On JSC „Latvijas Krājbanka” (in liquidation) insolvency process: January 2013
The administrator „KPMG Baltics” continues carrying out the sales of „Latvijas Krājbanka” and its subsidiaries’ properties and other assets in auctions. In January 2013, the amount of recovered assets from the auctioned real estates and other property, as well as the sold subsidiaries and recovered loans made up about ~3,1 million lats (in total as from the initiating of insolvency process ~58,85 million lats).
Until January 2013 there were more than 4 500 proceedings initiated. Moreover, the JSC „Latvijas Krājbanka” administrator is making every effort to recover more than 100 million lats, which have been seized in the foreign banks’ correspondent accounts. Depending on the certain jurisdiction, both civil and criminal cases for asset recovery have been initiated. This money has been seized in the foreign banks’ correspondent accounts because of allegedly unlawful activities of the former bank management of JSC „Latvijas Krājbanka”. In case of successful recovery of the funding, the possibility to meet the claims of current creditors considerably grows.
Besides, KPMG Baltics continues the selling of the loan portfolio, which was started back in June 2012, by carrying out various activities to attract potential investors.

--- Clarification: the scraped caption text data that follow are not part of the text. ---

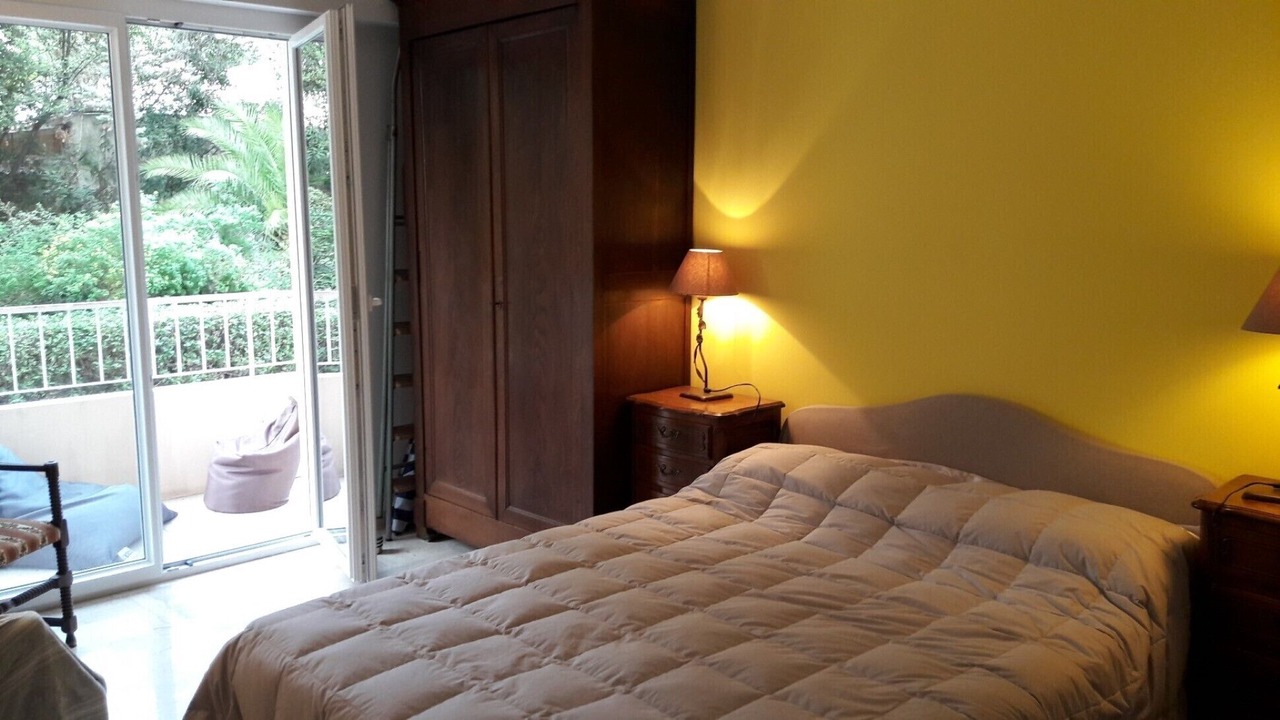 Photo of Bedroom in Carnot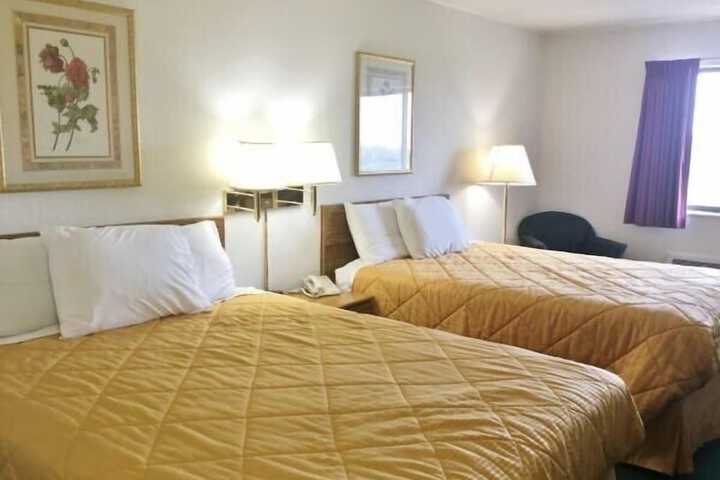 2 Queen Beds (5 of 5)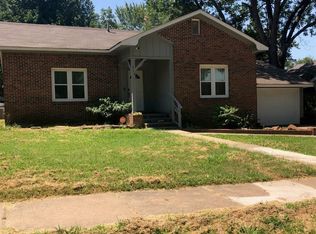 310 E Pecan St, Coweta, OK 74429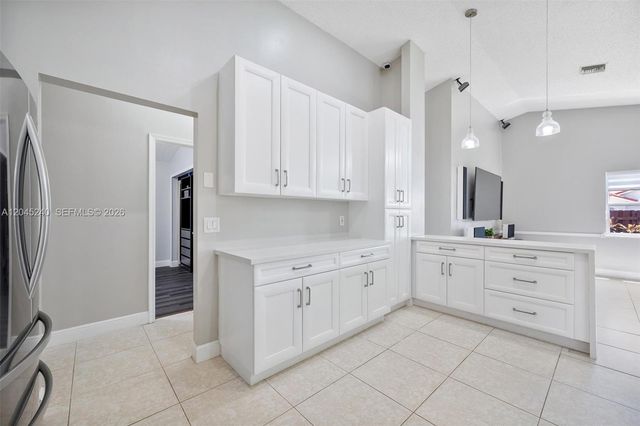 4870 Hawkes Bluff Ave, Davie, FL 33331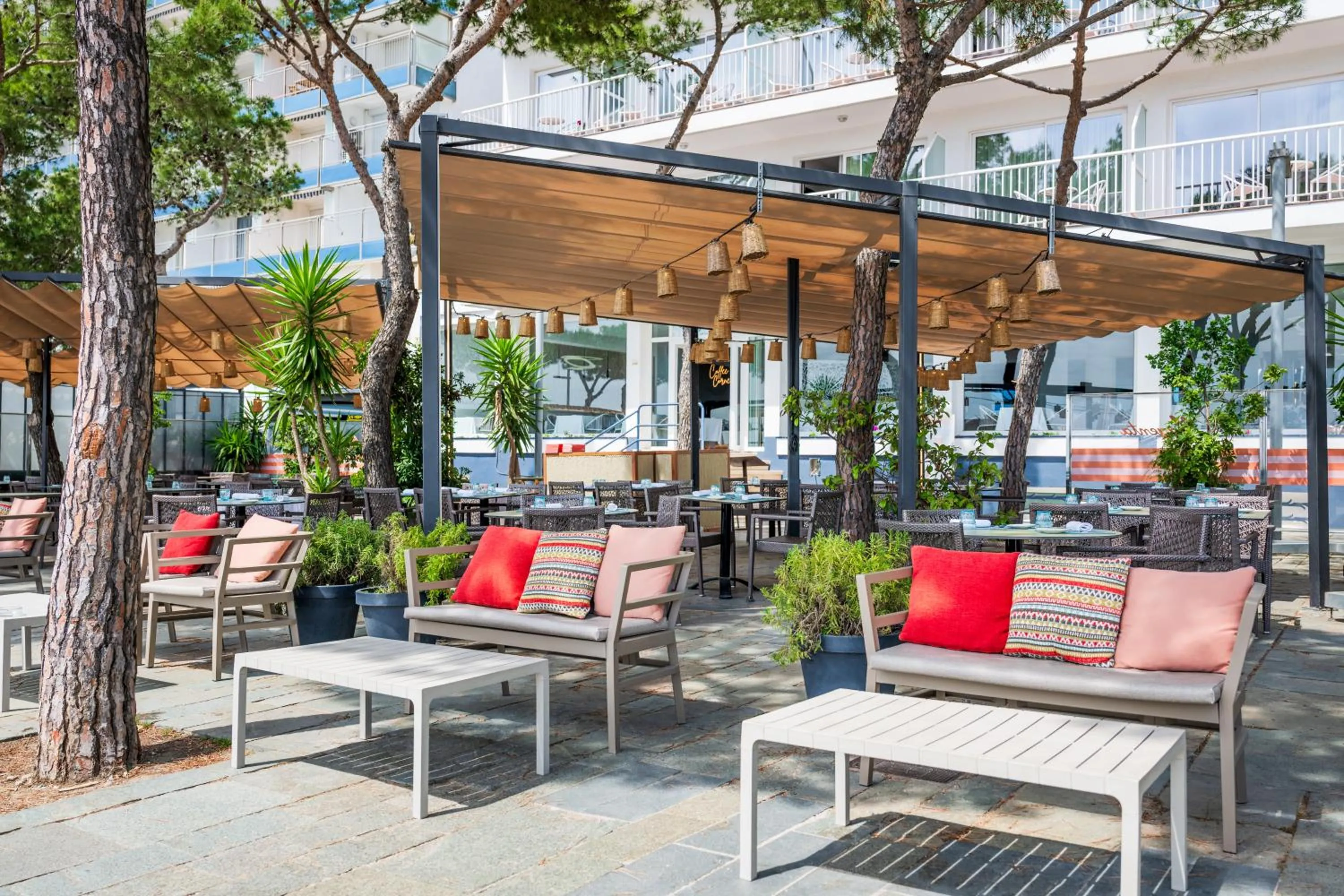 Restaurant/places to eat in Hotel Planamar by Escampa Hotels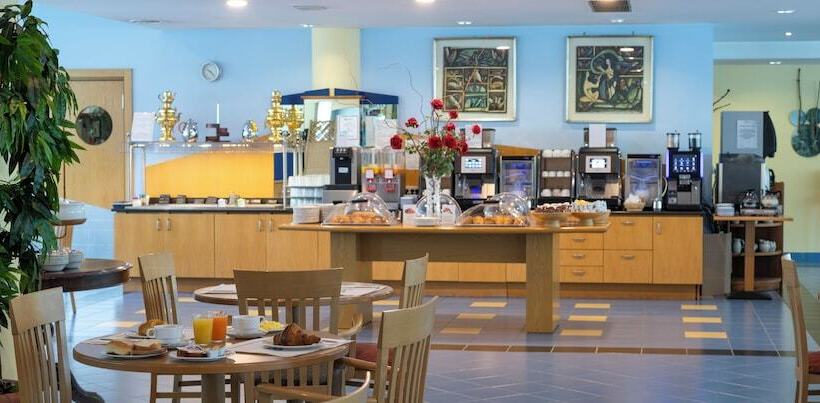 בית מלון כפרי Express Aosta East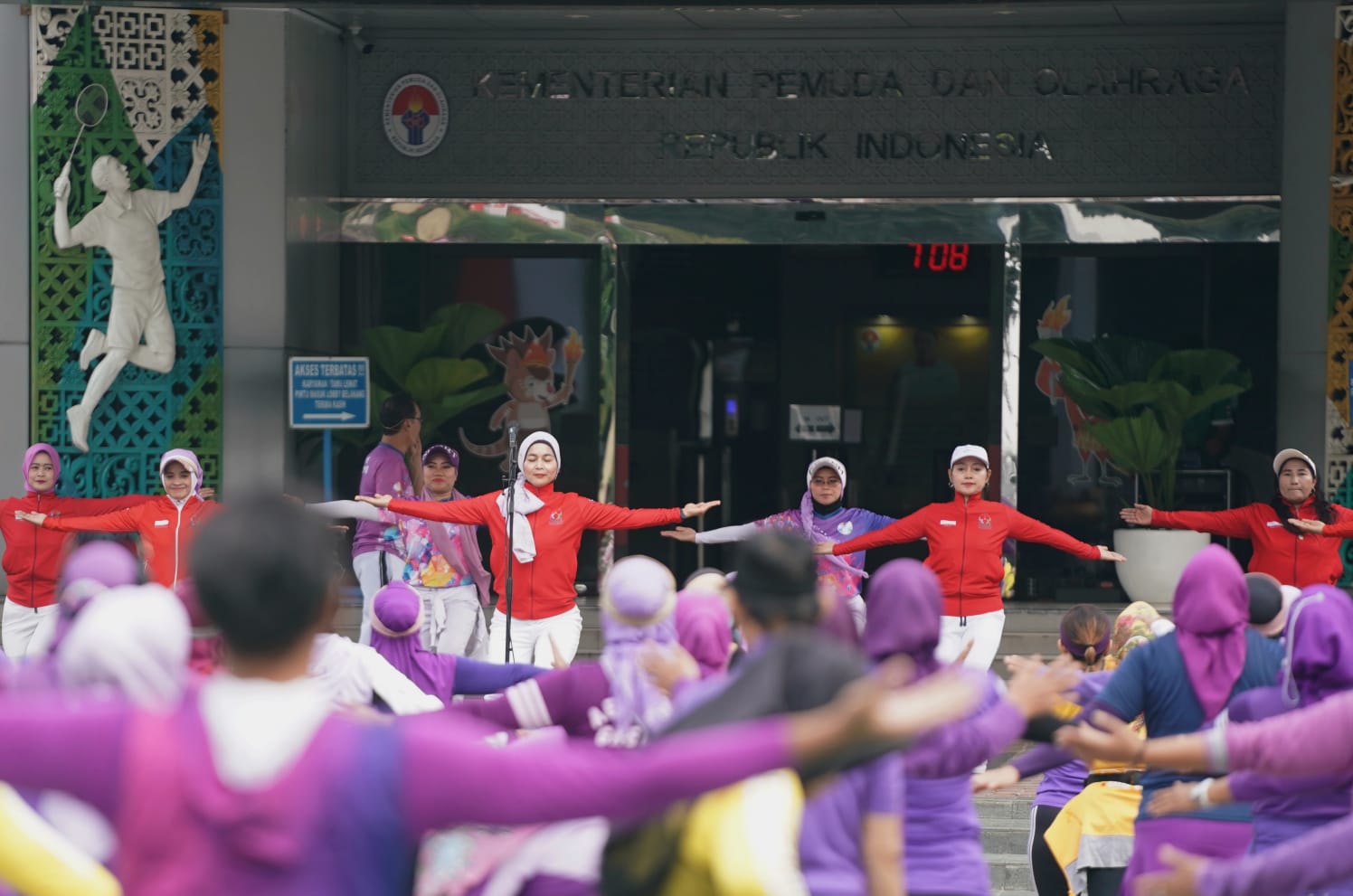 Jumat Krida Kemenpora Senam Bersama PMKI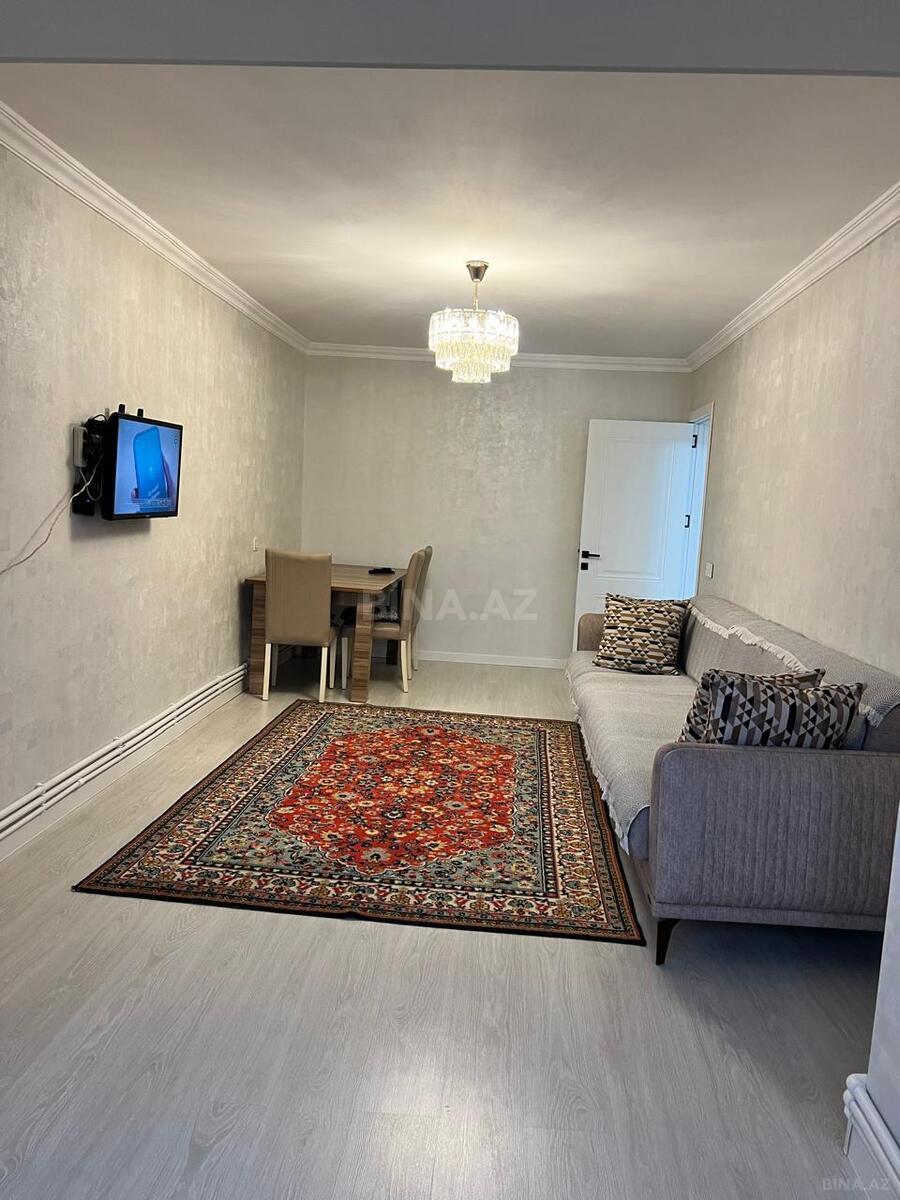 3 otaqlı köhnə tikili 70 m², Xalqlar Dostluğu m.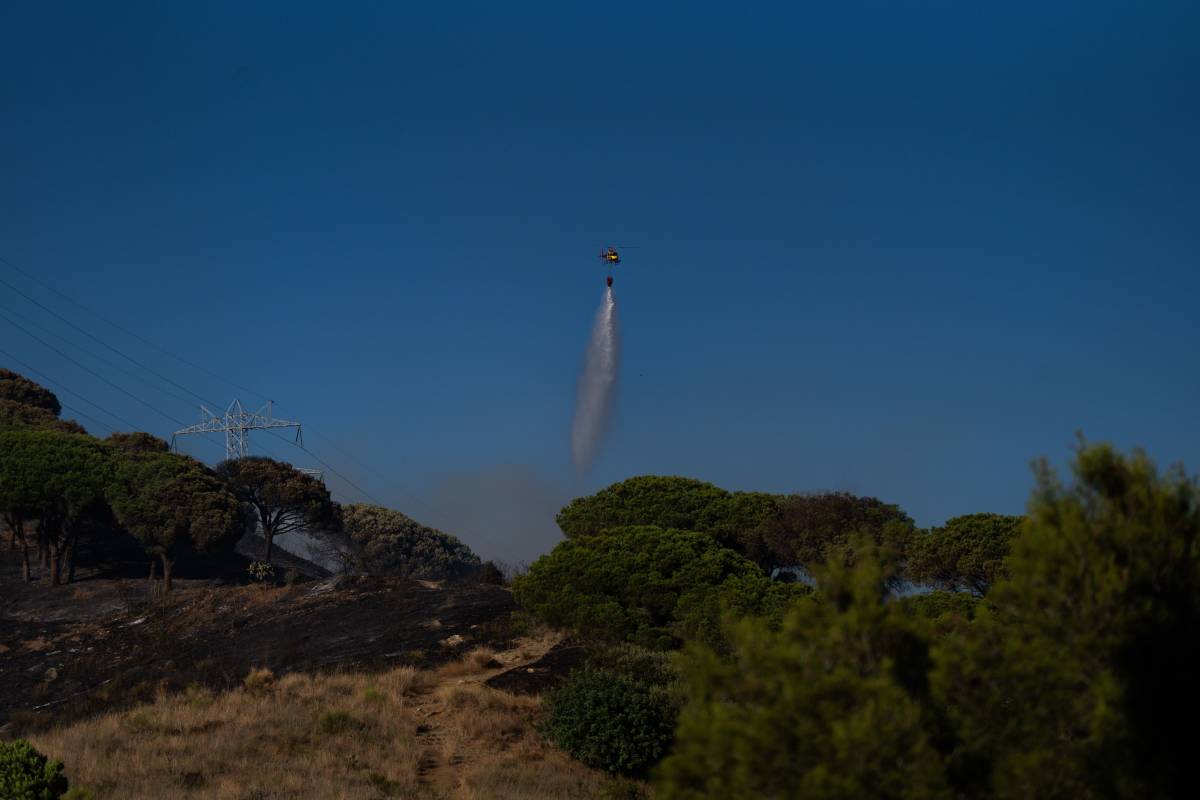 Els Bombers se centren en els focus secundaris després d'estabilitzar l'incendi de Collserola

The credits of JSC „Latvijas Krājbanka” (in liquidation) have been broken down in five loan portfolios based on their common features (corporate loans, retail loans etc.).
The key task of „KPMG Baltics” is to regain the maximum of funding to cover the claims of all „Latvijas Krājbanka” creditors. Total claims of creditors against the JSC „Latvijas Krājbanka” (in liquidation) made up ~421 million lats in November 2012 (excluding already executed contributions to the Deposit Guarantee Fund (DGF) in the amount of 90 million lats).
Under the law the Deposit Guarantee Fund is the first claimant that has the right to receive the funding from the realization of the bank’s assets in the event of the bank’s insolvency. Further procedure whereby the creditor claims are met is as follow: employees of the bank, tax payers, outstanding payments to the State and local government budgets, claims guaranteed by the State, other lawful creditors (including depositors who had deposited more than 100 thousand euro), interest payments to creditors, creditor claims made after the application deadline, subordinated debt and finally – the shareholders.
The above insolvency and payment regulatory procedures are determined in order to ensure that the Deposit Guarantee Fund, as the State guarantee mechanism, would secure the financial stability and protection of small depositor interests, guaranteeing compensation to one depositor up to 100 thousand euro.